Picture the scene – you’ve had a full-on day; your head is spinning with a jumbled to-do list and you’ve still got work to do before you can head home and make that all important gym session / parents evening / drink with friends.

Then out of nowhere, a colleague asks if you can help with an urgent request that’s just come in.  For reasons you simply can’t fathom, the words ‘Yes, OK’ can be heard coming out of your mouth.

How did that happen? How did you just agree to do something when you’re already snowed under, desperately trying to keep on top of your own work and attempting (unsuccessfully) to develop a better work/life balance?

Do you find yourself saying ‘Yes’ to things when you really should be saying ‘No’?   Is this a trap you fall into occasionally or something you seem to do habitually? Do you say ‘Yes’ without really thinking about it and then kick yourself afterwards? Do you say ‘Yes’ and then harbour resentment towards the person who made the request?
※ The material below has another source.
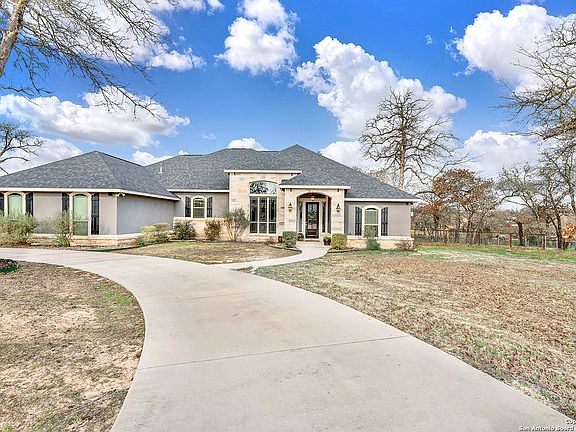 2nd image of 165 Woodlands Dr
Or do you simply feel obliged to say ‘Yes’ because of the relationship you have with the person making the request?

If you fall into any of these traps, developing the skill and confidence to say ‘No’ is worth exploring.  If you can confidently say ‘No’ you’re less likely to…

  • over commit then under-deliver
  • agree to something you’d rather not do or feel unable to do
  • be seen as a pushover.

So what are your options for saying ‘No’?  Here are six ways to say ‘No’.  If they’re not already in your repertoire, add them in and use the most appropriate one when you need to.

 

1. The Direct ‘No’

When someone asks you to do something you can’t do or don’t want to do, just say ‘No’.  Be direct and succinct and don’t over-apologise.  “No, I’m sorry.  I can’t do that.” Don’t over-elaborate as the other person may think they will be able convince you to do it.  You might choose the ‘Direct No’ when the person making the request is someone you do not have a relationship with (or where the relationship is more of a passing one).

2. The Reasoned ‘No’

Give a brief and genuine refusal without opening up further negotiation and avoid over-apologising. Say why it isn’t possible or why you don’t want to do it. “No, I can’t help you because I have a client meeting I need to prepare for, which is my top priority today.”  Studies have shown that saying ‘because’ and giving a clear reason is more likely to get acceptance from others.   Don’t be tempted to provide a long list of reasons why you can’t help.  They will sound like excuses and will make you appear unauthentic.  Stick to one clear reason and leave it at that.

 

3. The Negotiating ‘No’

This is a way of saying ‘No’ to a specific request without giving a definite ‘No’.   Rather than being a complete rejection of the request, the ‘Negotiating No’ opens up the possibility of negotiating an alternative option.  “I can’t get involved in the proposal writing today but I’d be happy to review the first draft and do some editing tomorrow morning.”

 

4. The Enquiring ‘No’ (also known as the ‘Maybe’)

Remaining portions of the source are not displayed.